Results indicate that Barrier-free tolerates thread crashes to the maximum extent possible, with almost no drop is result quality. Note that runtime taken by the algorithm increases with the number of crashed threads, which is expected as the workload is distributed among the remaining threads. Further, there is no added cost to offering this safety to crash-stop faults. We anticipate this to be useful in robotic systems which operate in harsh enviroments.

See code, output, or sheets.


Strong scaling (in the absence of faults)

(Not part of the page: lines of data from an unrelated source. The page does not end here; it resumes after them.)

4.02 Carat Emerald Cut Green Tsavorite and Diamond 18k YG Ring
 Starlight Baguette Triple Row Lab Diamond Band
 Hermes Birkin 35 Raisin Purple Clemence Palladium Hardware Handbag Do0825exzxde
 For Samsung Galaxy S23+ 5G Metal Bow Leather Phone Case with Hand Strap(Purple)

In this experiment, we test the strong-scaling behavior of Dynamic Frontier based Barrier-free PageRank in the absence of faults on a batch size of 10^-4 |E|. We adjust the number of threads from 1 to 64 threads in multiples of 2. Batch updates are generated as above.

Results indicate that Dynamic Frontier based Barrier-free PageRank offers a speedup of 21.3x on 64 threads over 1 thread. We observe that the rate of increase in speedup drops after 32 threads, which is likely due to the AMD CPU being internally partitioned into 4 NUMA nodes.

See code, output, or sheets.


Dynamic Contracting Frontier approach

We also experiment with a Dynamic Contracting Frontier approach, where we remove vertices from the affected set once their ranks are computed. However, this showed a small performance drop compared to the Dynamic Frontier approach, and thus we do not discuss it any further.


With Check and mark

With Check and mark, we mark a vertex as affected only if its not already marked, i.e., we check before marking. It is a very simple optimization, and we apply it to Dynamic Frontier based With-barrier and Barrier-free PageRank. Results indicate that this offer a small performance improvement (for large batch updates).


With Chunked mark

With Chunked mark, we consider vertices to be grouped by IDs of size 2^n, and mark entire chunk as affected instead of marking just a single vertex. This reduces the memory occupied by the affected flag vector, but has the side effect of marking additional (unaffected) vertices are affected. It is a very simple optimization, and we apply it to Dynamic Frontier based With-barrier and Barrier-free PageRank. Results indicate that this does not offer any improvement.